As Warren and Brandice stated in The Right to Privacy, this applies directly to the notion of privacy. Without privacy, people have no ``freedom from inquisition into opinions that a man forms in his own mind - the inner citadel where, if anywhere, the individual must rule.''  Cryptography gives people a form of protection for their opinions; however to what extent liberalism protects these opinions outside of the realm of thoughts is debatable. To what extent this right even exist is also debatable given the use of lie detector tests, which are compulsory for some criminals and required for some jobs. Perhaps the right to sovereignty of your own thoughts, free from the ``inquisition'' of other men, does not exists. Perhaps it should.
Social liberty is the second important liberal right. It includes freedom to pursue an occupation and freedom of association. Cryptography, particularly in encrypting voice transmission and mail, helps facilitate the freedom of association, however the freedom of association in liberal parlance only extends so far as the associations themselves are liberal. This means if associations further an agenda that hurts the liberty of others, then the associations themselves are not liberal and therefore the freedom does not exist. It is difficult to distinguish between a liberal and non-liberal association protected through cryptographic means, and so whether the government has the right to control cryptography used for association despite the unknown nature of the association is debatable.
The third important liberty is international liberty. And this is where liberalism appears to require some control of cryptography. A liberal government needs to protect its citizens from encroachment by non-liberal states or groups. For instance, when Adolf Hitler threatened the liberty of Europe and Russia, the potential existed for this threat to extend to the US. To preserve the liberty of Americans, the US not only helped defeat Hitler but also seeded Europe with democratic governments.

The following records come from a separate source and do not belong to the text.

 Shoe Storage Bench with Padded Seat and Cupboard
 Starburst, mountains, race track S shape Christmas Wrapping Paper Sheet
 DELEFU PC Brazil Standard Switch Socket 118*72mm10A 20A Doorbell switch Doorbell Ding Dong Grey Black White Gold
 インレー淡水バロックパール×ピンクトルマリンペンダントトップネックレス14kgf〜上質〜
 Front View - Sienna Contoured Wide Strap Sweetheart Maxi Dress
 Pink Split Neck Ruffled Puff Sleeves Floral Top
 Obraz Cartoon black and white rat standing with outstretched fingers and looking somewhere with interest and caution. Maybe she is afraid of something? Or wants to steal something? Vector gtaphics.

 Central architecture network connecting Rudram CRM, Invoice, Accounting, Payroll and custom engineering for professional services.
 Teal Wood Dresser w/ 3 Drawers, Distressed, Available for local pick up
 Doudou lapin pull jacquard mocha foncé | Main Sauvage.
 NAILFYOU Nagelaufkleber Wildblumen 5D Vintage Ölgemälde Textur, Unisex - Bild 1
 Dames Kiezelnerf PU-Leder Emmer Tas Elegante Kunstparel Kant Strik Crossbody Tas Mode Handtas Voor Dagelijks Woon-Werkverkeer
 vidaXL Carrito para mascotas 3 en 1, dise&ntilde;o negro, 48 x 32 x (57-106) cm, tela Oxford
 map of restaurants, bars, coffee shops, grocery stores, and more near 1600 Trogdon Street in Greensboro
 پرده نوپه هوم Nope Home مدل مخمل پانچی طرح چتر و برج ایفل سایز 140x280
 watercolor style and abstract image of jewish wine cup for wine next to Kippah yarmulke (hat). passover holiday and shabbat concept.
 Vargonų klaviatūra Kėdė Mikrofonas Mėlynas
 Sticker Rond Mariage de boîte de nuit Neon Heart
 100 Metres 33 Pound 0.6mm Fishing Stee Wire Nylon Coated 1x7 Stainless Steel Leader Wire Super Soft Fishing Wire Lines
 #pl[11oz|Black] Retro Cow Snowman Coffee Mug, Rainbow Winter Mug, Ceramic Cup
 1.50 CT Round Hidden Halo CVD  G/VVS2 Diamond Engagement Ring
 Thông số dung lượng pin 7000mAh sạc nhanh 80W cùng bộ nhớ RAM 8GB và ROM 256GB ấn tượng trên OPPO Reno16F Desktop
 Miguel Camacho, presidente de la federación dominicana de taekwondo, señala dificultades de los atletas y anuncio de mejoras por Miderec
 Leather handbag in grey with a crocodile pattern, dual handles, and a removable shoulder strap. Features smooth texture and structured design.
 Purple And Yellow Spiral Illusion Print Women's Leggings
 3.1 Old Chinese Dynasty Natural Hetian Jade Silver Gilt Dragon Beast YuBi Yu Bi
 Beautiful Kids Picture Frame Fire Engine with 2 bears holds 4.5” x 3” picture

Leonard Trelawney argues that ``There is a point at which speech becomes indistinguishable from action, and free speech may mean the right to create disorder... No modern state would tolerate a form of religious worship which should include cannibalism, human sacrifice, or the burning of witches.''  This would appear to directly address the issue of cryptographic computer code not being protected by free speech because computer code fits the description of speech that is almost indistinguishable from action. In the RIAA vs 2600 appeals case, the judges treated the decss code as both a work of protected speech and something indistinguishable from action... a device for which the creator has a responsibility for. It is analogous to a Rube Goldberg machine that performs lethal injections: while it may be a work of art, it may also be an illegal device. Thus, protection on free speech does not protect program code that acts as an illegal device. This ruling is very much in accordance with liberal philosophy, however ignoring liberal rights in the process of preventing potentially non-liberal infringements on those rights seems, I would argue, to be sacrificing the liberal principles to save them.